▽

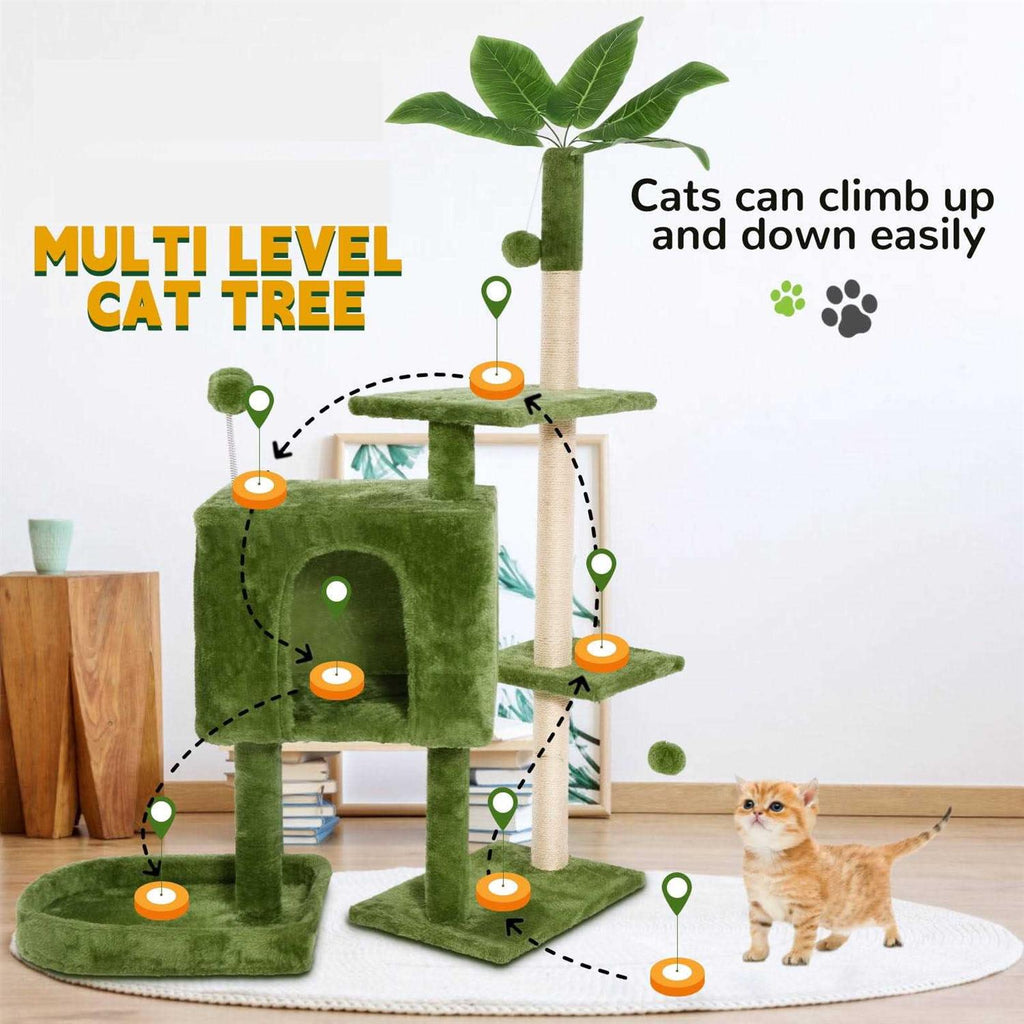 52in Cat Tree with Scratching Posts Plush Perch V1731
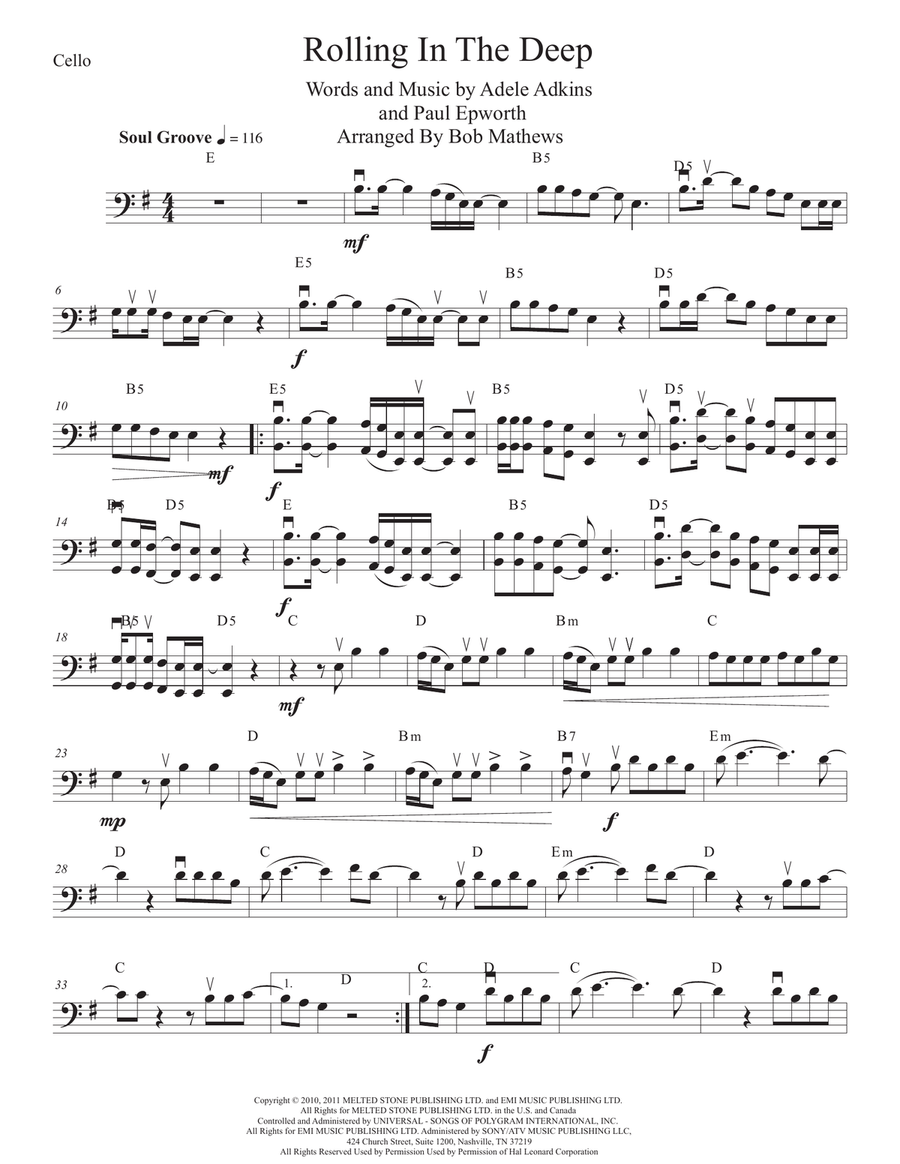 Rolling In The Deep Cello Solo scores gallery preview page 1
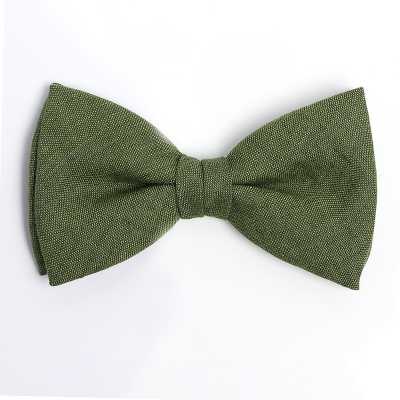 HBF-03 HARISSONS Linen Bow Tie Green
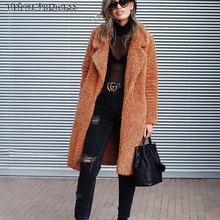 HITOM PRINCESS Streetwear Fur Coat Winter Faux Fur Long Coat Women Thick Warm Long Sleeve Teddy Jacket Autumn Outerwear Overcoat 2024 - buy cheap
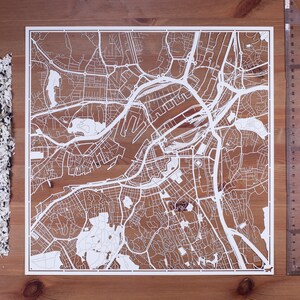 Mappa ritagliata di Goteborg 12×12 pollici Arte della carta REGALI IDEALI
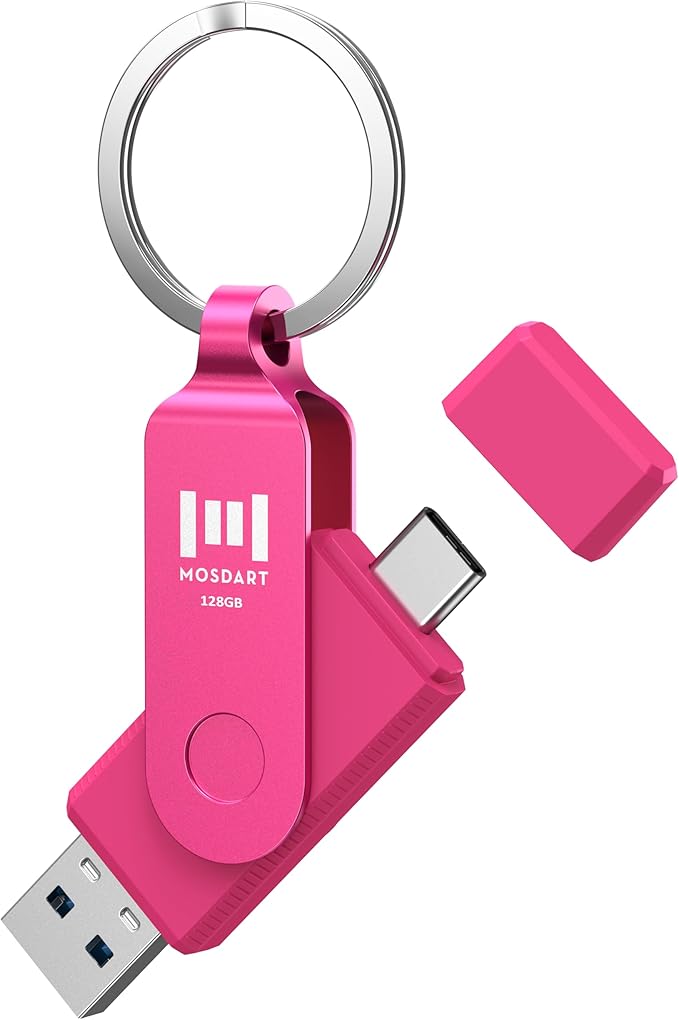 MOSDART 128GB USB3.1 Fast Speed C and A Dual Flash Drive, exFAT Memory Stick with Keychain and LED Indicator, for iPhone 15 and 16, Android Phone, iPad, MacBook, and Other Laptops, Hot Pink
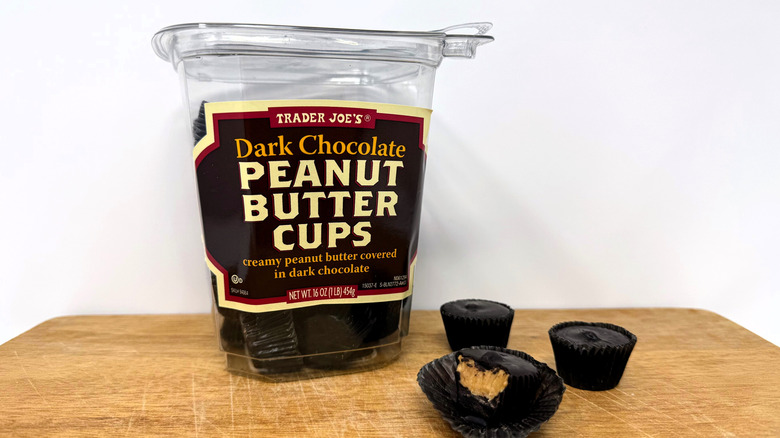 Trader Joe's tub of Dark Chocolate Peanut Butter Cups
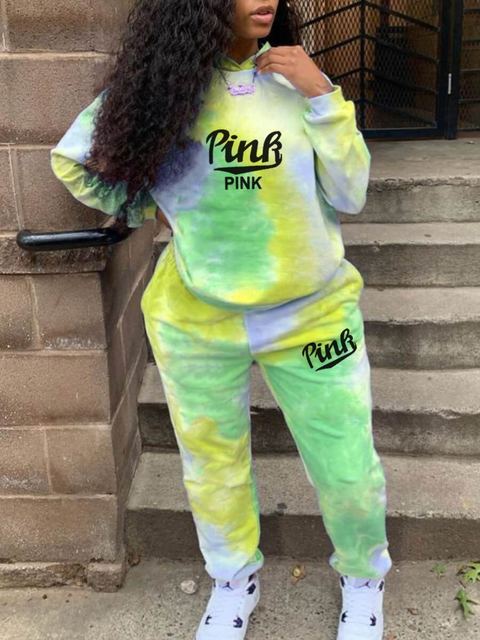 Women Pink Letter Print Set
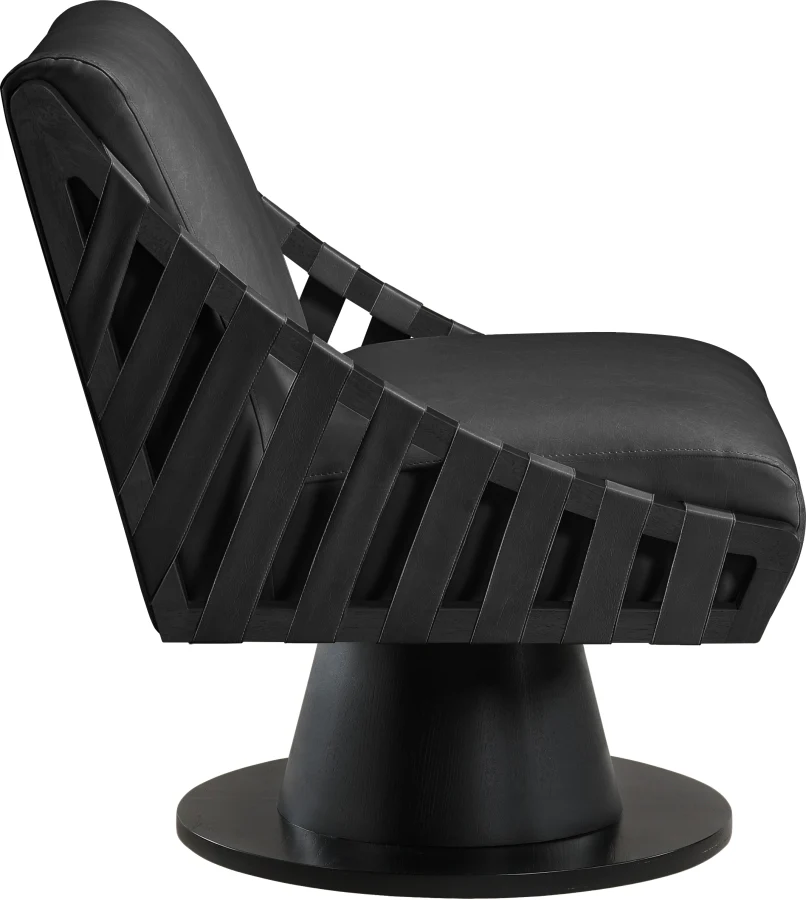 Millwin Vegan Leather Upholstered Swivel Accent Chair - Image 4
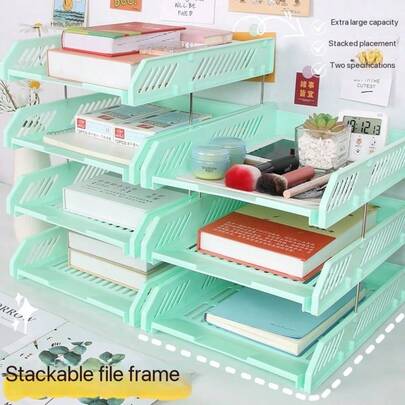 1 pieza Organizador de escritorio de 3 niveles, Soporte para documentos, Cesta para suministros de oficina, Papelería para estudiantes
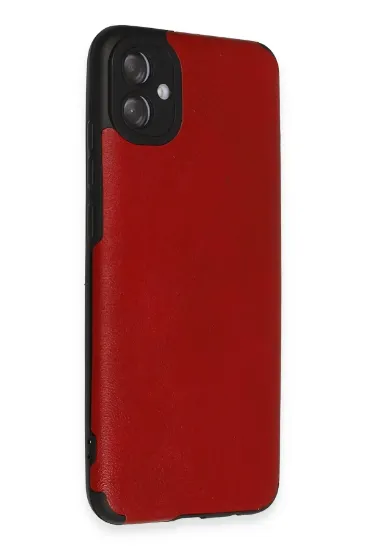 Newface Samsung Galaxy A04E Kılıf Loop Deri Silikon - Kırmızı resmi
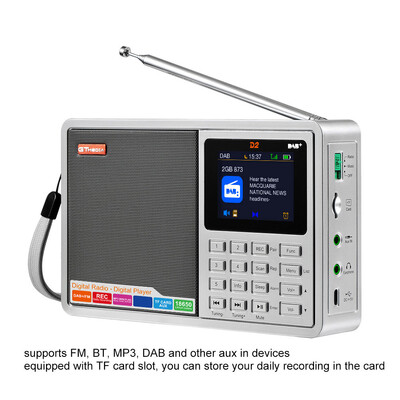 GTMEDIA D2 Portable DAB Radio Digital FM Radio Bluetooth Speaker AUX IN TF Card Slot MP3 Player Recording Function Earphone Socket
GTMEDIA D2 Portable DAB Radio Digital FM Radio Bluetooth Speaker AUX IN TF Card Slot MP3 Player Recording Function Earphone Socket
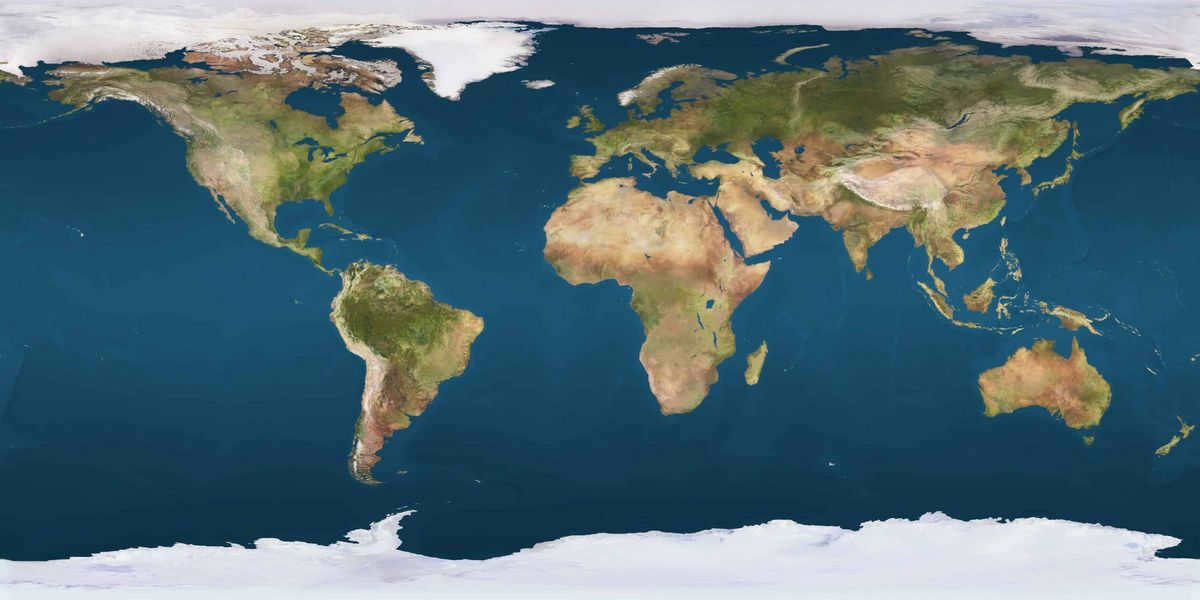 Map of the surface of planet Earth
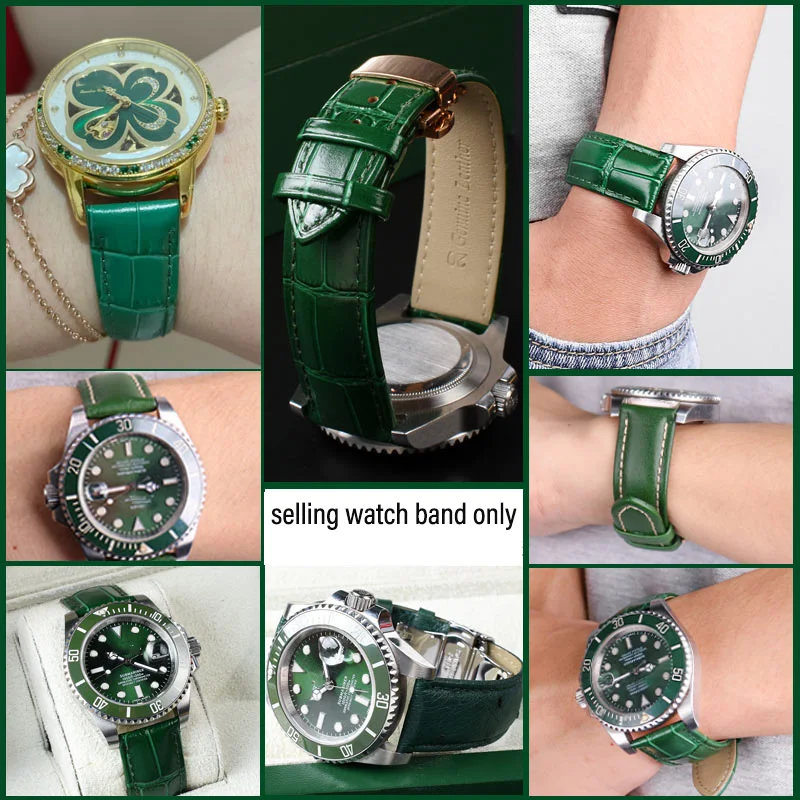 High Quality Bamboo Pattern soft cowhide watch Strap 16mm 18mm 20mm 22mm Men and women folding buckle green Waterproof watchband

△

What is being asked ▸ Without changing a single word, set down all of the material again and leave out its pictures.

Answer space ▸
 52in Cat Tree with Scratching Posts Plush Perch V1731
 Rolling In The Deep Cello Solo scores gallery preview page 1
 HBF-03 HARISSONS Linen Bow Tie Green
 HITOM PRINCESS Streetwear Fur Coat Winter Faux Fur Long Coat Women Thick Warm Long Sleeve Teddy Jacket Autumn Outerwear Overcoat 2024 - buy cheap
 Mappa ritagliata di Goteborg 12×12 pollici Arte della carta REGALI IDEALI
 MOSDART 128GB USB3.1 Fast Speed C and A Dual Flash Drive, exFAT Memory Stick with Keychain and LED Indicator, for iPhone 15 and 16, Android Phone, iPad, MacBook, and Other Laptops, Hot Pink
 Trader Joe's tub of Dark Chocolate Peanut Butter Cups
 Women Pink Letter Print Set
 Millwin Vegan Leather Upholstered Swivel Accent Chair - Image 4
 1 pieza Organizador de escritorio de 3 niveles, Soporte para documentos, Cesta para suministros de oficina, Papelería para estudiantes
 Newface Samsung Galaxy A04E Kılıf Loop Deri Silikon - Kırmızı resmi
 GTMEDIA D2 Portable DAB Radio Digital FM Radio Bluetooth Speaker AUX IN TF Card Slot MP3 Player Recording Function Earphone Socket
GTMEDIA D2 Portable DAB Radio Digital FM Radio Bluetooth Speaker AUX IN TF Card Slot MP3 Player Recording Function Earphone Socket
 Map of the surface of planet Earth
 High Quality Bamboo Pattern soft cowhide watch Strap 16mm 18mm 20mm 22mm Men and women folding buckle green Waterproof watchband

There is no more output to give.